Production values were strikingly high for a one-person operation. As Matt Reads Comics documented, ShortBox’s print, binding, and paper qualities truly were some of the best encountered, especially for each book’s price. For example, at roughly $18, Don’t Go Without Me is perfect-bound, has multiple instances of gold embossing, and is printed on firm paper. In my view, Akhtar was running a boutique publishing house disguised as a subscription box, and that tension between ambition and scale is exactly what made it unsustainable.
What Killed ShortBox: Shipping, Brexit, and the Math That Didn’t Work
The economics were brutal and specific. Akhtar detailed the numbers publicly when she announced the end of the curated box in May 2021. Shipping a single box to North America cost £22, not including labor, packaging, or payment processing. The most she had previously charged for international shipping was £14. The box itself had held at £35 for five years. Raising the price to £38 would have meant asking customers to pay £60 total for a box of five short comics. The two reasons she cited were insane, ever-increasing international shipping prices and the rising costs of Brexit.
As the books grew in page count and physical thickness, they crossed a postal threshold. What had once shipped as a “large letter” at roughly £10 worldwide now qualified as a “small parcel” at around £22. That single reclassification was devastating. COVID compounded things: the cancellation of conventions and festivals wiped out a third of ShortBox’s 2020 expected income.

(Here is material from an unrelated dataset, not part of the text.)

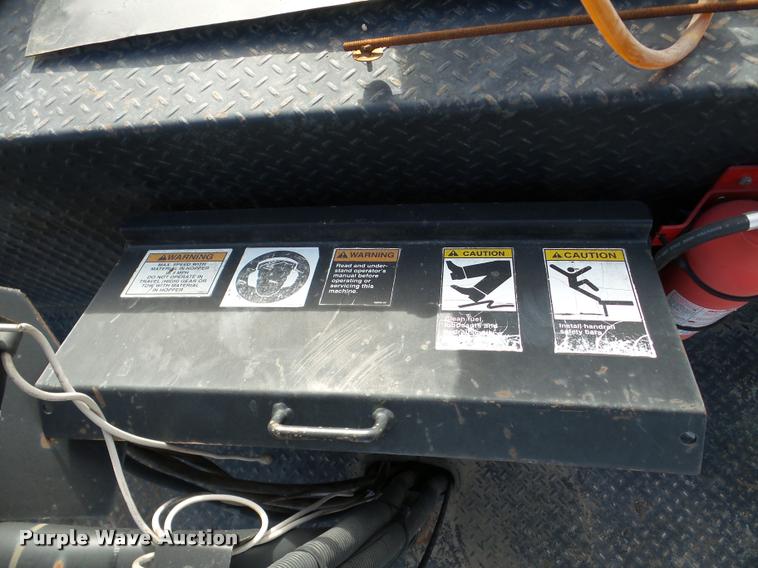 image for item DB5465 2002 Roadtec SB2500C Shuttle Buggy material transfer vehicle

As Popverse reported, ShortBox’s closure wasn’t a shock; Akhtar actually announced that she would be winding down the publishing side of the company back in 2022, in order to concentrate on the annual ShortBox Comics Fair. In 2022, she announced on Twitter that she would be winding down ShortBox by the end of 2023. In February 2024, the small British publisher ShortBox officially closed its doors.

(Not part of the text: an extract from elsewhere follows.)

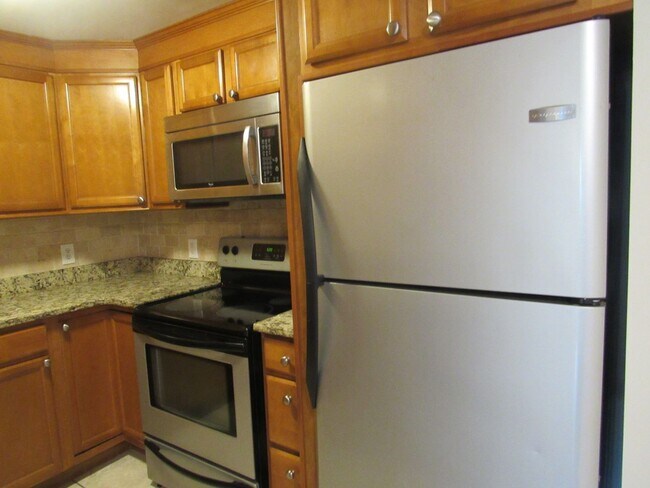 Foto del edificio - Londonderry 3 Bedroom Available NOW for Rent!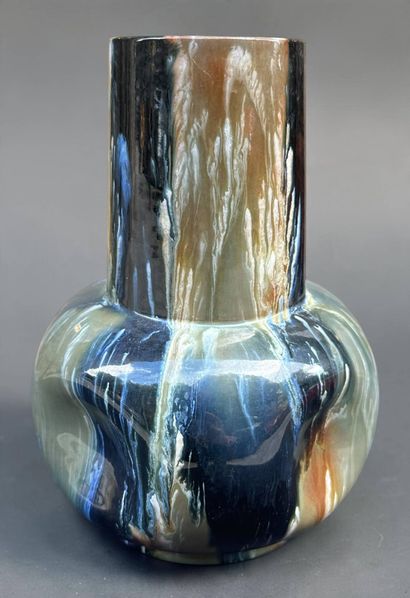 Vase en céramique émaillée à panse aplatie...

The Record-Breaking Funeral: ShortBox’s Final Kickstarter
There is a bitter irony that online comics communities have chewed over extensively. As Bleeding Cool reported, Zainab Akhtar’s final curated box of newly published small-press comic books ShortBox may be its most popular yet, approaching a thousand box pre-orders on Kickstarter. The final campaign closed with 1,441 backers pledging £68,116, far exceeding the £22,000 goal.

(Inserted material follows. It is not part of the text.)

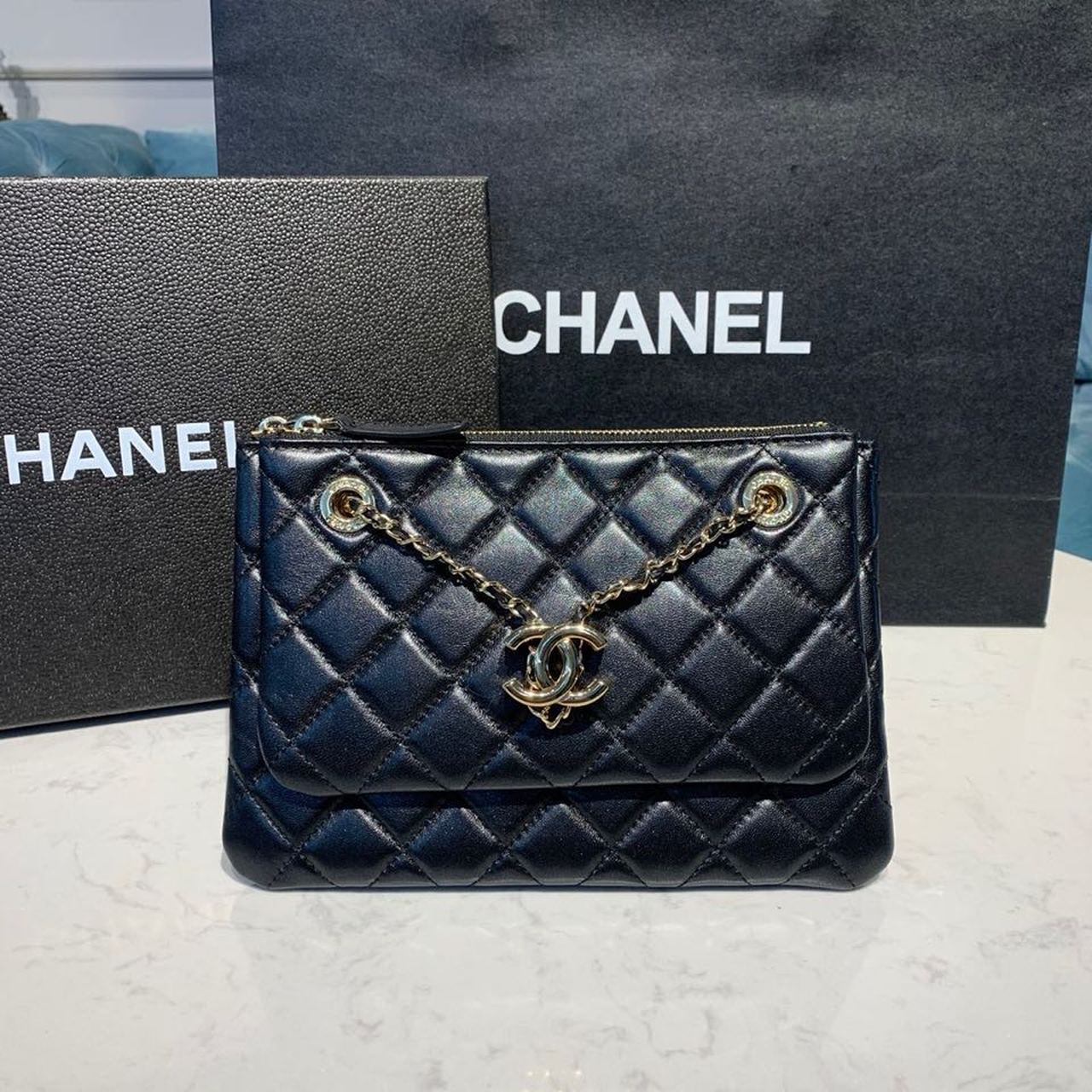 CHLSmall Double Case Strap , Black Crossbody Bag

It feels like the cruelest possible validation. The audience existed. The demand was real. It simply wasn’t consistently activated until the closing-sale sign went up. This pattern is sickeningly familiar to anyone who has watched an independent record shop, a repertory cinema, or a zine distro announce its final day and suddenly find the line around the block.
A Systemic Extinction, Not an Isolated Closing
ShortBox’s end didn’t happen in a vacuum. Between 2018 and 2022, a cluster of the most critically respected micropublishers in comics all shut down within months of each other. In 2018, Koyama Press announced its intent to cease operations in 2021. Annie Koyama, a former film producer, founded her company in 2007, using money she had earned from investing in the stock market to publish works by various indie creators, including Michael DeForge, Jesse Jacobs, Rokudenashiko, and Julia Wertz. When explaining her decision, Koyama was direct: “But that money ran out about four years ago. I didn’t play the stock market again because I’m not risking what I have now… I don’t have unlimited resources.”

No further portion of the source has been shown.